Turkey has exerted strenuous humanitarian efforts for Syrian refugees despite being the country most affected by ongoing developments in Syria, Deputy Interior Minister İsmail Çataklı said Tuesday.
Speaking at a workshop for migration, security and social cohesion in northwestern Kocaeli province, Çataklı said that almost all actors, except Turkey, have had a hand in creating more issues in Syria and prolonging existing ones.
"Throughout the course of this issue that has rage for over nine years in Syria, not one country involved, with the exception of Turkey, has faced up to the humanitarian cost of their policies. None of them have taken responsibility for solving the humanitarian issues brought about as a result of their own policies. They have all simply produced problems while causing existing problems to grow. This showed us that some have their own interests in Syria. On the other hand, Turkey has a real problem there," he explained.
Çataklı stated Tuesday that more than 98% of Syrians in Turkey lived in cities, rather than refugee camps, and that Turkey had exerted great efforts and made many sacrifices to allow for the settlement of Syrians, despite being the country most affected country by events in Syria.
The Syrian civil war, which broke out in 2011, has killed hundreds of thousands and forced more than 5 million people to flee the country, while more than 7 million are internally displaced.

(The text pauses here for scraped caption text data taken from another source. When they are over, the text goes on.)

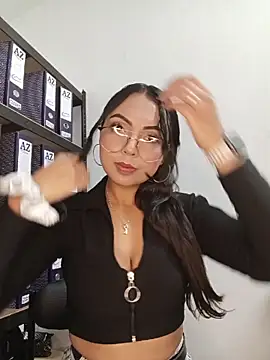 JENNIFER  03 online show from June 9, 2026, 5:03 pm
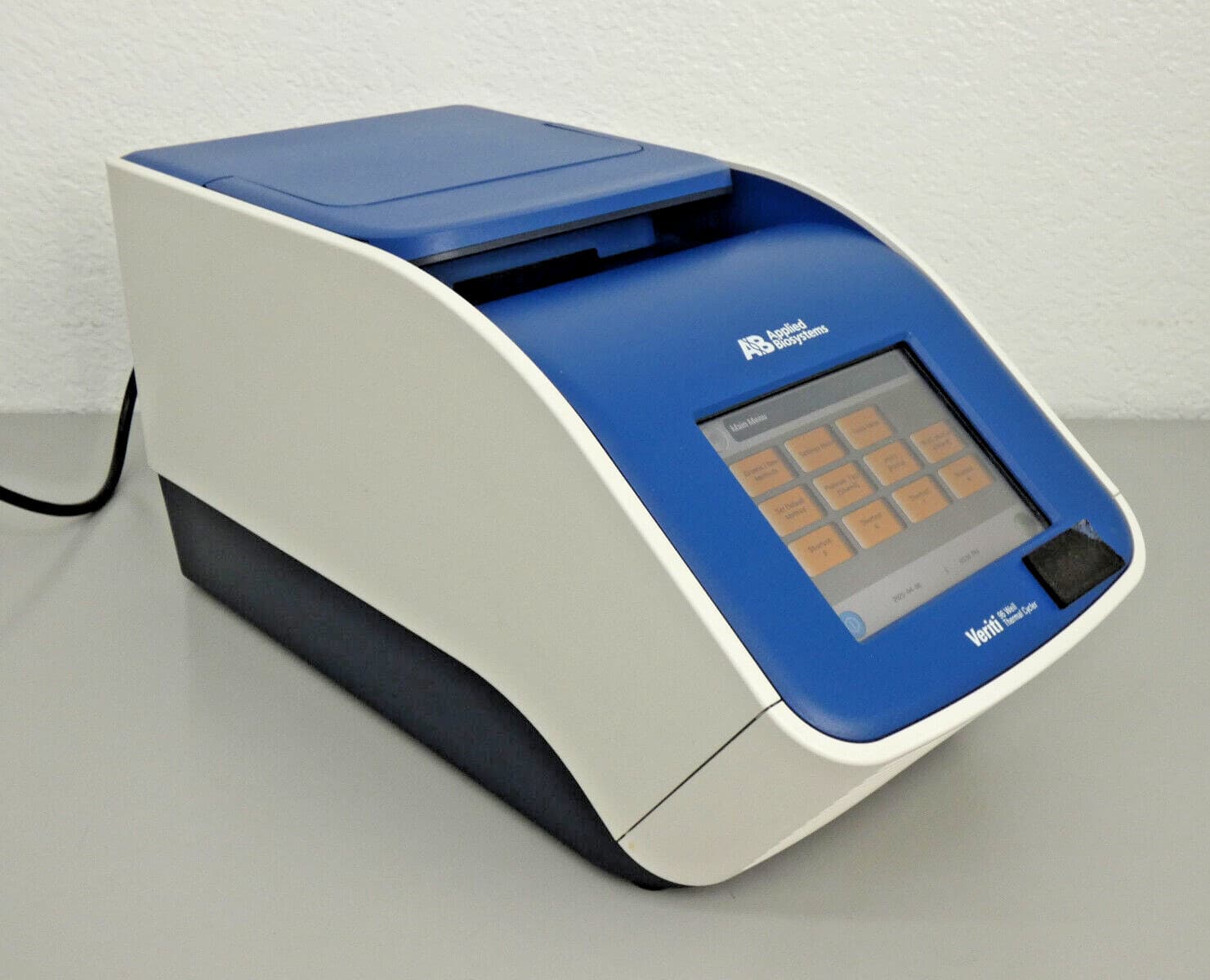 Applied Biosystems Veriti Thermal Cycler, 96-Well
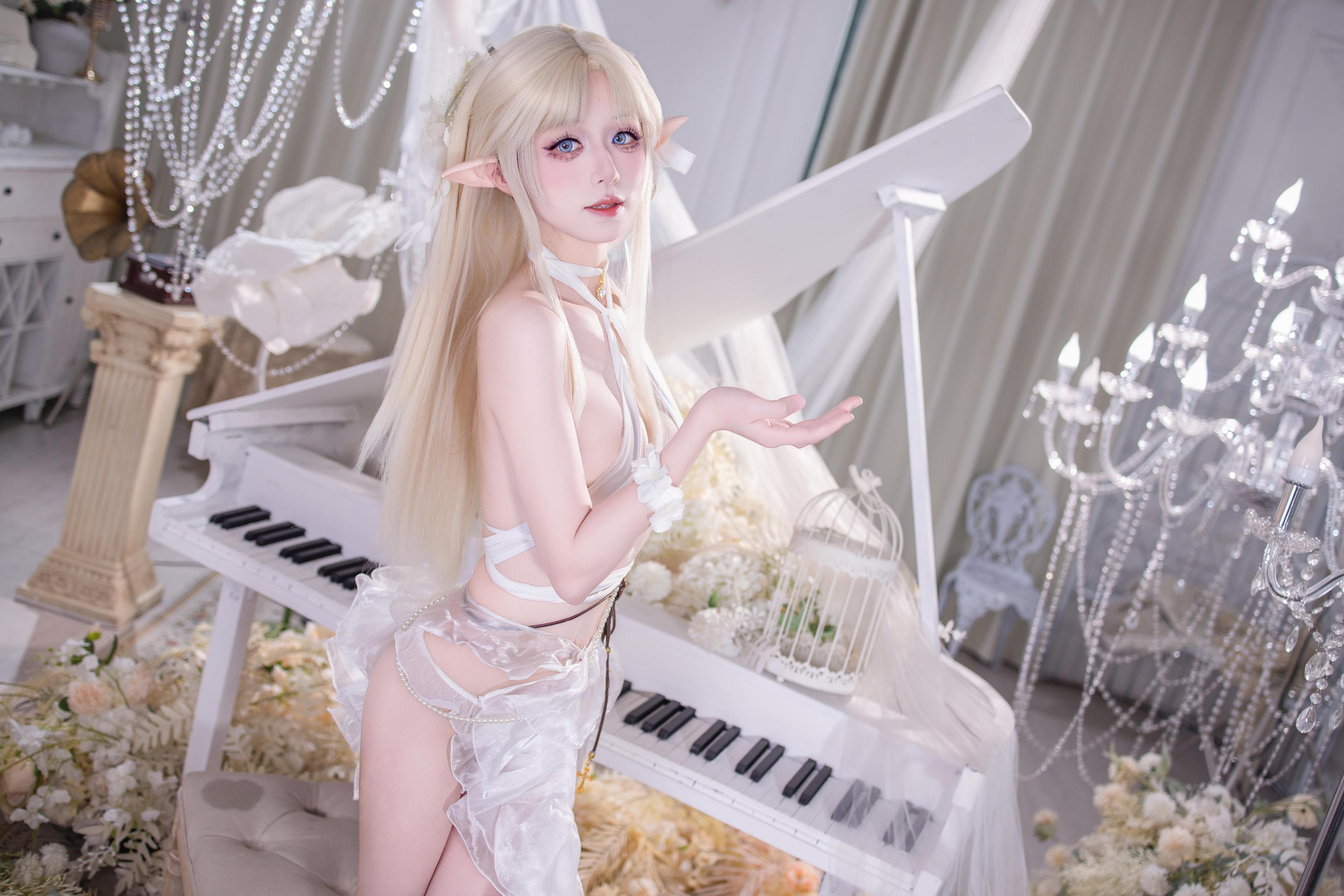 [Cosplay] Shuangmu Fusu - Blest White Angel: Elegant and Cool Daytime Look with Stunning Legs in Heels - 40P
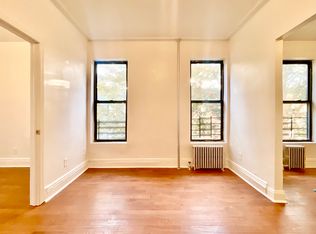 1812 Menahan St #2F, Ridgewood, NY 11385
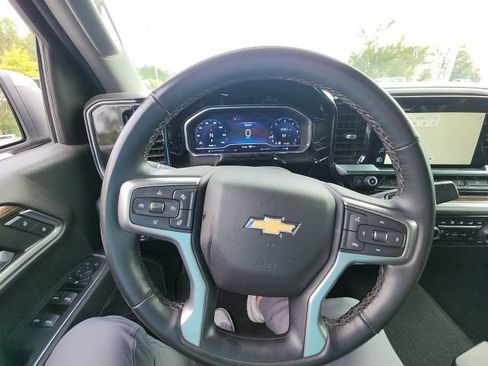 Used 2024 Chevrolet Silverado 1500 LT w/ Protection Package AWD/4WD image 34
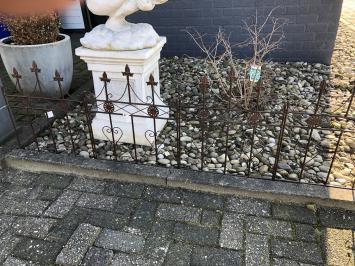 Blumenkastenhalter, aus Schmiedeeisen, bemalt, schön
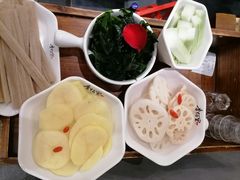 -香佰里鲜货火锅(佳乐金街店)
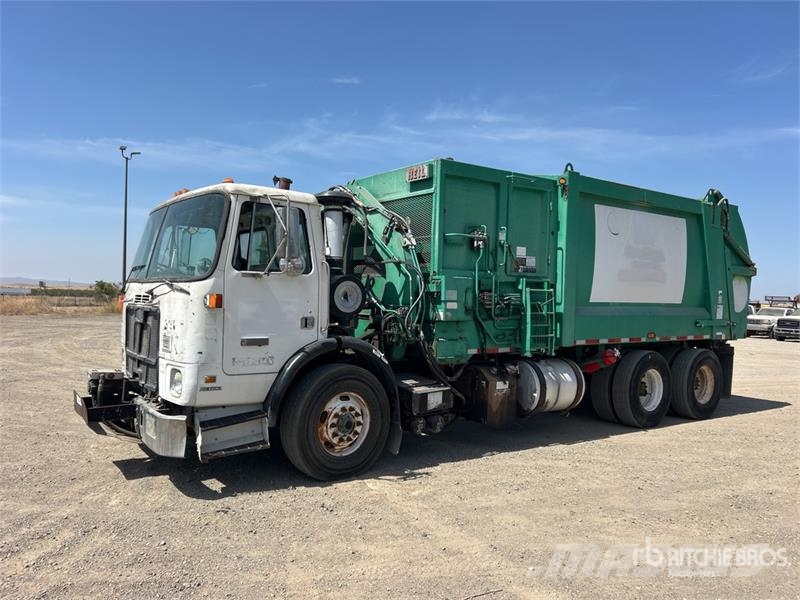 Autocar 6x4 Side Loader Waste Collection Truck 폐기물 수거 트럭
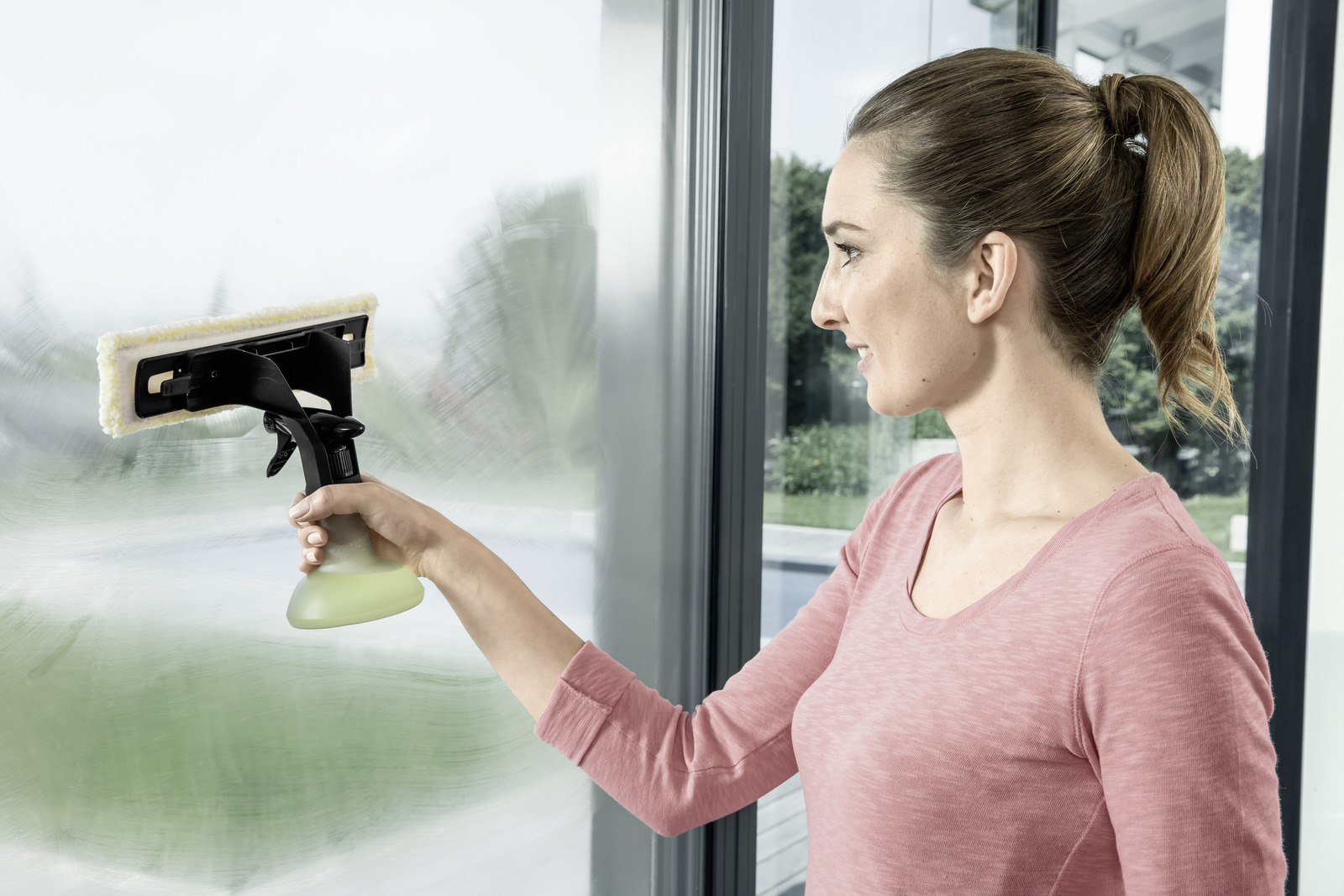 Auto Fensterputzer Wischer mit & Nachfüllbar Sprühflasche für Zuhause Küche  Hartholz, aktuelle Trends, günstig kaufen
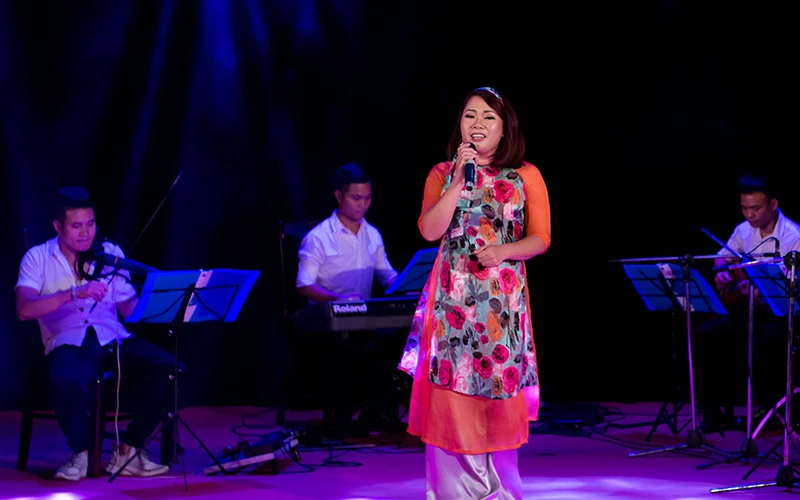 Cô giáo Bạch Thùy Linh (Nguyệt Ca), người khởi xướng dự án chuyển ngữ tiếng Anh cho nhạc thiếu nhi Việt Nam.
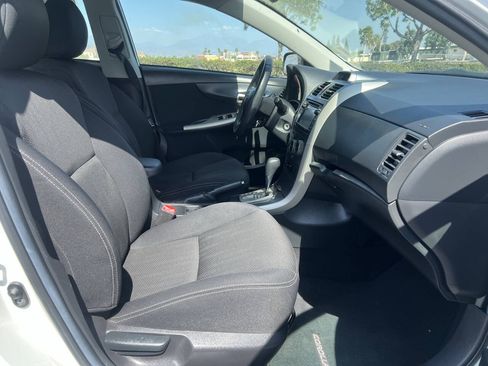Used 2013 Toyota Corolla S FWD image 11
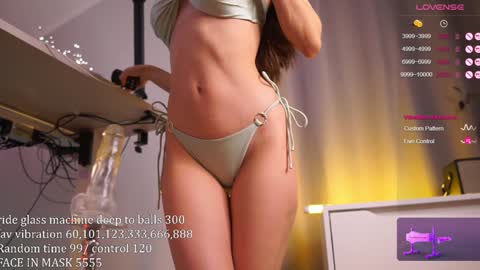 Snapshot of iamsavagegirl chatting on February 2025 07:44:02 PM Yana online show from February 2025 07:44:02 PM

Since the war broke out in 2011, Turkey has received a constant flow of displaced Syrians fleeing the conflict, with the numbers of refugees expanding from thousands to millions.
Turkey hosts the largest number of refugees and is the country that spends the most on humanitarian aid per capita. According to Interior Ministry figures, the number of refugees was 4.2 million in 2017 and has now reached 4.9 million. While 3.7 million Syrians are living in Turkey, more than 415,000 Syrian children have been born in Turkey since the start of the civil war in 2011. Refugees from Syria now account for about 4.29% of the total population. Women and children make up a majority of the refugees.
Furthermore, Ankara has spent $40 billion for the refugees so far, despite a lack of support from the international community.